The blonde man in the dark jacket was behind him. He was sure of it. Smiling wide—a snake's grin, all teeth. Dark brown eyes round and bright with fascination. Marshall felt his breath on his shoulder, licking up the back of his neck, haunting against his skin. There were vibrations when he spoke, "Don't fight it."

Waves folded into each other as an underwater current pushed outward, threatening to close around them.

"I don't want to be here." Marshall said.

"It's too late for that."

Gray and murky water seeped over his calf, icy and mean. Marshall couldn't move.

"I'm taking back what's mine."

Up to his waist.

"Somehow, he transcended across realms."

His neck.

"But now, you're not going anywhere. You can't."

It swallowed Marshall whole, and the last thing he heard was the blonde man's laughter.

...

Alister listened to the ring of sirens, even when they were miles into the neighboring perish. He wasn't concerned about prison time, but the thought of losing his newest creation was one he didn't want to consider.

Marshall was sluggish beside him. High, in a different corner of time and space. A mindless zombie. He obeyed Alister's simple commands, but that was about as far as any sort of compulsion would go—his brain was melting and being reformed, his blood changing with shatters of diamonds while his flesh turned impenetrable. His eyes were glazed over, low and reflecting the celestial glow of a full moon against a bed of stars. Alister glanced at the slit over his own arm, opened nearly an inch, and the way Marshall's weak fingers held his wrist as he drank from the swell of red. The toxins of Alister's immortal blood, blessing him, transforming him into a god with an undying thirst.

He brushed the dark brunette waves off Marshall's forehead, admiring him. He thought of his last moments with his maker, just before he shoved Castor's own knife into his heart. The face of Adonis, perfection in every way possible, shocked with proud disbelief. He never thought that Alister would muster the strength to go through with it. Kendall was standing behind him as Castor crumbled on the oriental carpet, and Alister saw the raging fire in her black eyes, and he vowed right then and there to kill her and her entire fucking coven.

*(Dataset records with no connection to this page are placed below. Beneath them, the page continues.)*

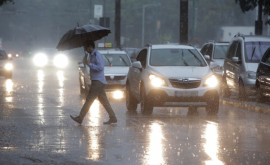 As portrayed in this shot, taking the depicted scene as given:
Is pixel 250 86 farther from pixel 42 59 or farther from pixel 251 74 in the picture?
pixel 42 59

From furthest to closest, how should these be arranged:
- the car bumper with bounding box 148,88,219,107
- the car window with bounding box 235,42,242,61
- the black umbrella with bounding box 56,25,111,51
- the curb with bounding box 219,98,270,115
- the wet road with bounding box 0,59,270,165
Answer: the car window with bounding box 235,42,242,61 < the curb with bounding box 219,98,270,115 < the car bumper with bounding box 148,88,219,107 < the black umbrella with bounding box 56,25,111,51 < the wet road with bounding box 0,59,270,165

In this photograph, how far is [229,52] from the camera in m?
19.3

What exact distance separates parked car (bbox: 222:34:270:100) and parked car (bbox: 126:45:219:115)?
2.79 m

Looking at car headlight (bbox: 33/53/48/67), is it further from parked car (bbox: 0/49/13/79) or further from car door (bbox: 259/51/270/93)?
car door (bbox: 259/51/270/93)

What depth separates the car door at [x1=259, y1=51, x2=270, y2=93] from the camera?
1521 centimetres

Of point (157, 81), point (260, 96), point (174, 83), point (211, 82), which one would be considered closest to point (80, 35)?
point (157, 81)

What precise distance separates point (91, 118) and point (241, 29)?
55.9 meters

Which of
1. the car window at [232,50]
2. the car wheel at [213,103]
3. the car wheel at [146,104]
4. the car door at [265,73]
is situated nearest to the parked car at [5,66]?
the car window at [232,50]

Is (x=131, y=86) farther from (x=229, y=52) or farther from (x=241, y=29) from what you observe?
(x=241, y=29)

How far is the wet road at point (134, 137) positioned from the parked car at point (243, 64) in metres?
1.88

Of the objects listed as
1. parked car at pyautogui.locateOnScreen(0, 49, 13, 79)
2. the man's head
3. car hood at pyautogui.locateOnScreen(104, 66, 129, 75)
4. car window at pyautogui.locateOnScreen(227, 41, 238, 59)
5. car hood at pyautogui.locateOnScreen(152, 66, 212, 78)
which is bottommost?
parked car at pyautogui.locateOnScreen(0, 49, 13, 79)

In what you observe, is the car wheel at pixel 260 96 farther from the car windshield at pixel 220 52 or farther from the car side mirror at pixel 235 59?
the car windshield at pixel 220 52

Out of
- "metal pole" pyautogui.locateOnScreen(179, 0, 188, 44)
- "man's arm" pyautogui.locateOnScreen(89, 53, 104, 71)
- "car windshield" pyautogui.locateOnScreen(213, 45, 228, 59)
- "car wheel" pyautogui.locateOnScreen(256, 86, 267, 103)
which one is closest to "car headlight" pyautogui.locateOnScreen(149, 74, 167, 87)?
"man's arm" pyautogui.locateOnScreen(89, 53, 104, 71)

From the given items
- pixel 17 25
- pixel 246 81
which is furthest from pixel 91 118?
pixel 17 25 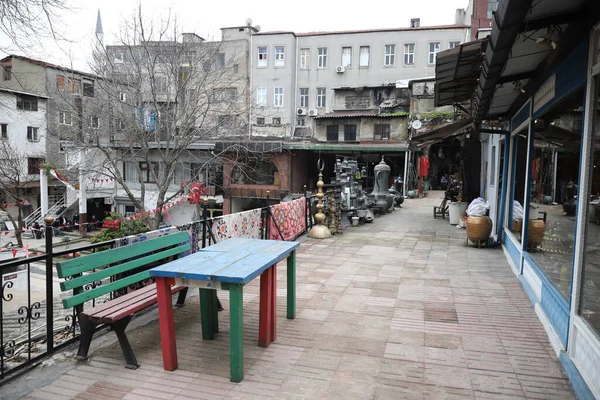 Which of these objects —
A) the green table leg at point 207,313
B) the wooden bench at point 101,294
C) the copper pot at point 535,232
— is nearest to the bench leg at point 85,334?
the wooden bench at point 101,294

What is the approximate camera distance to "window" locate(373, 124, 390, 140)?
1076 inches

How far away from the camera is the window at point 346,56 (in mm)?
34188

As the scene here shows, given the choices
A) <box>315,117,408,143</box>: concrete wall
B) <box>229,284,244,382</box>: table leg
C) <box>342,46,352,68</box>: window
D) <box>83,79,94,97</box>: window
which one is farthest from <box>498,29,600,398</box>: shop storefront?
<box>342,46,352,68</box>: window

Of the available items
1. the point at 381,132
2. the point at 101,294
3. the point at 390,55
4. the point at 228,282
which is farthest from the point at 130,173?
the point at 228,282

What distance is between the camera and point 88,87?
14.8 metres

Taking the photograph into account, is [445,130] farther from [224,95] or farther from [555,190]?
[224,95]

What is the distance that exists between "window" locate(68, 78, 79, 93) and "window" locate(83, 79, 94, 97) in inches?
10.6

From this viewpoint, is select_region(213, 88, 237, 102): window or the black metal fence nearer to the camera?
the black metal fence

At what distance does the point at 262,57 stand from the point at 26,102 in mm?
17716

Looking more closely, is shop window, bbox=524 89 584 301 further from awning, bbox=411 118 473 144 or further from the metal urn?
the metal urn

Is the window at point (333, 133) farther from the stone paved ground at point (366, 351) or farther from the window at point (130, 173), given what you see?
the stone paved ground at point (366, 351)

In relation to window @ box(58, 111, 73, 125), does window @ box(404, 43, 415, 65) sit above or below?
above

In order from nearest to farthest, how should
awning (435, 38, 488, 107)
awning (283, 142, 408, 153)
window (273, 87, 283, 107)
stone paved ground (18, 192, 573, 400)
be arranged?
stone paved ground (18, 192, 573, 400)
awning (435, 38, 488, 107)
awning (283, 142, 408, 153)
window (273, 87, 283, 107)

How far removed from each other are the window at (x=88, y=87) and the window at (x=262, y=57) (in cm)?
2188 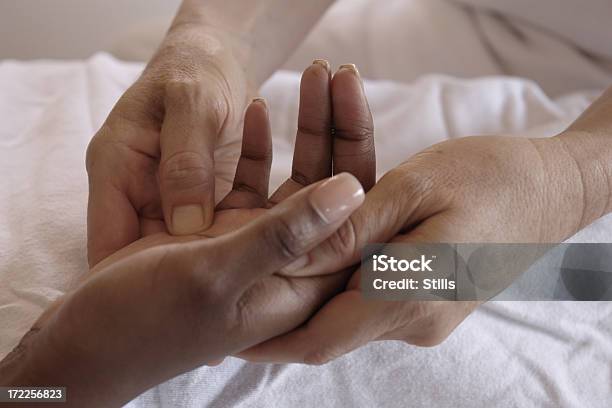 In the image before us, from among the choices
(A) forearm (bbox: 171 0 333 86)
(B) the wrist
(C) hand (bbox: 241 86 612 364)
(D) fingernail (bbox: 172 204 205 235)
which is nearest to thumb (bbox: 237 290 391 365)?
(C) hand (bbox: 241 86 612 364)

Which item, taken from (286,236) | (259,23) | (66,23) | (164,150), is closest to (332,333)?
(286,236)

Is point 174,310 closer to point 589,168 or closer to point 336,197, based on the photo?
point 336,197

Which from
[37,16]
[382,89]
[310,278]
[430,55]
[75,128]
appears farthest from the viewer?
[37,16]

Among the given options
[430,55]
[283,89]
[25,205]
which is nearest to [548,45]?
[430,55]

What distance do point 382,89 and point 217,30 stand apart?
0.23 meters

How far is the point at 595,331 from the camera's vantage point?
0.58 meters

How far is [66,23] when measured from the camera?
1.63 m

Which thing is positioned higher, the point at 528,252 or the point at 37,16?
the point at 37,16

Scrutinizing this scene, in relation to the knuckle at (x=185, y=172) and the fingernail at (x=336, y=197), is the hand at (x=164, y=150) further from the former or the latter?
the fingernail at (x=336, y=197)

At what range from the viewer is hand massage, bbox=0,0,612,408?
1.34 feet

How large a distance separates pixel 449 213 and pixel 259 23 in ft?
1.50

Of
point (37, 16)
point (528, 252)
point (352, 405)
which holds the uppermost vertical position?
point (37, 16)

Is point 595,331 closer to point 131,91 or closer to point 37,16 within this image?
point 131,91

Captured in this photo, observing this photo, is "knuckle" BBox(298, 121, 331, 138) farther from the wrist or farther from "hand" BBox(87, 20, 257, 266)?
the wrist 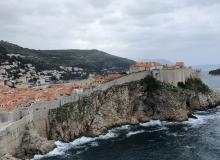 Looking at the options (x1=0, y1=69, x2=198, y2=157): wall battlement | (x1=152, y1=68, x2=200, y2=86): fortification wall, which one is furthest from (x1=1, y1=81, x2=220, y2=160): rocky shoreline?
(x1=152, y1=68, x2=200, y2=86): fortification wall

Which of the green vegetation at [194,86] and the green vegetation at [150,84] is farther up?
the green vegetation at [150,84]

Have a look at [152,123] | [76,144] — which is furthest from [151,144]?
[152,123]

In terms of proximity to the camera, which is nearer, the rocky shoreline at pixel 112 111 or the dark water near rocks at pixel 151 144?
the dark water near rocks at pixel 151 144

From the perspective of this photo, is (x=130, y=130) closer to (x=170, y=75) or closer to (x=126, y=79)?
(x=126, y=79)

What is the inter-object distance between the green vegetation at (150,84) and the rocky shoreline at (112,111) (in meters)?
0.64

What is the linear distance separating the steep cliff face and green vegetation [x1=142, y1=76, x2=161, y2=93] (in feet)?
2.54

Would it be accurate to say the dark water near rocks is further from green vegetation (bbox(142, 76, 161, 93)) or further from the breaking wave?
green vegetation (bbox(142, 76, 161, 93))

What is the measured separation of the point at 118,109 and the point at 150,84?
1088 cm

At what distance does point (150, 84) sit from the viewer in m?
86.7

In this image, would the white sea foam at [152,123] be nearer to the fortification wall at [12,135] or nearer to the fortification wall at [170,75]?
the fortification wall at [170,75]

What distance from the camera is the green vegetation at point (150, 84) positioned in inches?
3374

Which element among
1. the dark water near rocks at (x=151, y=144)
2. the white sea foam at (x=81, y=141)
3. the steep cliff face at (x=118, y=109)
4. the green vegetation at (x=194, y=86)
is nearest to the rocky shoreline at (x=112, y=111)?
the steep cliff face at (x=118, y=109)

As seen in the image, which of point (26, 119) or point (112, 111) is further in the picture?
point (112, 111)

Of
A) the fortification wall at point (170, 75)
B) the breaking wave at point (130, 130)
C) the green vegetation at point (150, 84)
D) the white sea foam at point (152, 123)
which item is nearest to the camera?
the breaking wave at point (130, 130) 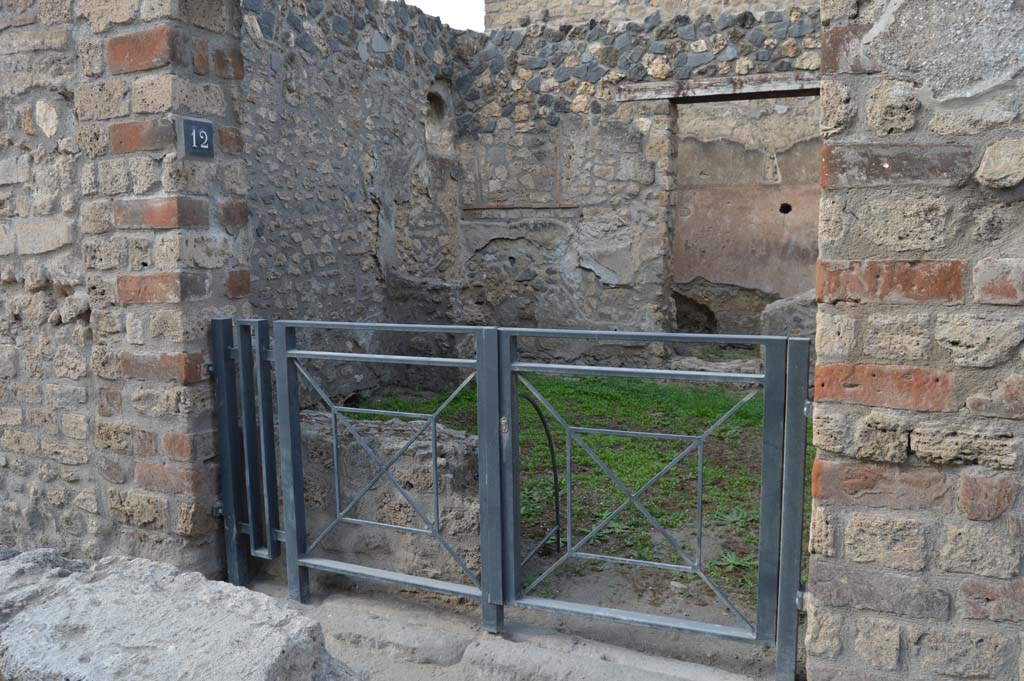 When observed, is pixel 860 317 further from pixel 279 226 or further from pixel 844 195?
pixel 279 226

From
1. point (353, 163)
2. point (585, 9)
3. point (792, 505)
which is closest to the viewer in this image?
point (792, 505)

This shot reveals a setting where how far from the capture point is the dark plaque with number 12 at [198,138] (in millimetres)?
2920

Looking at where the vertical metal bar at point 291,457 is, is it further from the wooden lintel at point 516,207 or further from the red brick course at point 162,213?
the wooden lintel at point 516,207

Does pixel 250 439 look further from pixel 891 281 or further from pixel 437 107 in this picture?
pixel 437 107

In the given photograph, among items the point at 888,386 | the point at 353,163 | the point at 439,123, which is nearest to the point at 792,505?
the point at 888,386

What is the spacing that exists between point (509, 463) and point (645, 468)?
81.5 inches

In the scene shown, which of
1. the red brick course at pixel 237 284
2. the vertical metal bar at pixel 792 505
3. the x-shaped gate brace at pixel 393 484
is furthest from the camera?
the red brick course at pixel 237 284

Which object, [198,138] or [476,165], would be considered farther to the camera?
[476,165]

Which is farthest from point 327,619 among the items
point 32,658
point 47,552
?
point 32,658

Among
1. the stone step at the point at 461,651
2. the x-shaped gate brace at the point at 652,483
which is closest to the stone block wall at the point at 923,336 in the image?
the x-shaped gate brace at the point at 652,483

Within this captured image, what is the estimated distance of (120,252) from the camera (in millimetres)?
3037

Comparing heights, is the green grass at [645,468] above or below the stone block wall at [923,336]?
below

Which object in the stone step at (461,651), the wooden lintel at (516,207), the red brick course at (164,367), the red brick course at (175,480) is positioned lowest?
the stone step at (461,651)

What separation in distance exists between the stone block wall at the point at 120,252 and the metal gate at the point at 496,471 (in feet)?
0.41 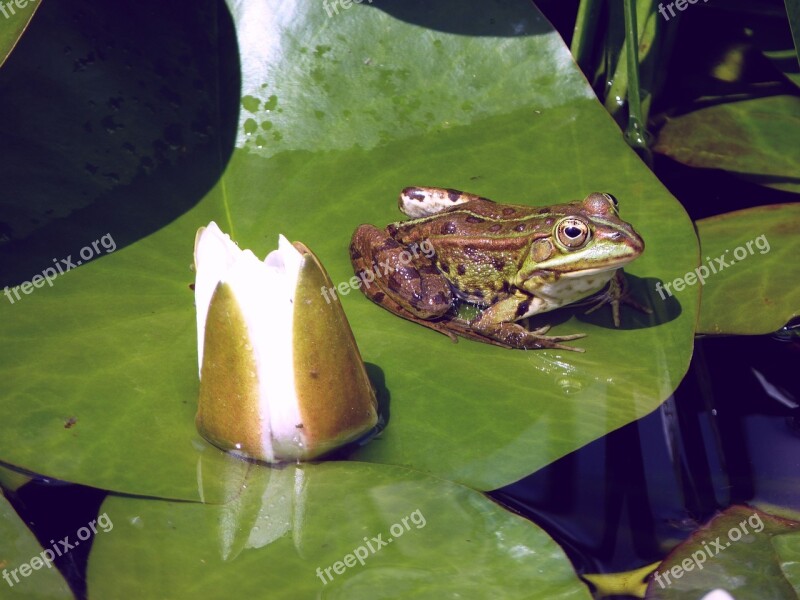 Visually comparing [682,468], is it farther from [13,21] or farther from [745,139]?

He still intended to keep true to his word.

Marshall groaned, finally pulling back from Alister's arm. He blinked at the surrounding wilderness, the wall of thick trees, before letting his head dip forward and his shoulders hunch. His mind was spinning; flashes of piercing white stabbed his vision, beating against his skull. He struggled to remember who he was, where he was supposed to be. He felt like he should throw up, but if he did, he wouldn't be able to stop and he was certain it'll kill him.

Alister moved to sit on his knees. "You'll feel better soon." He promised. Marshall didn't respond, stooping against the grass. "Eventually, you won't even remember what it's like to feel anything other than power, and you'll never forget that I did that for you."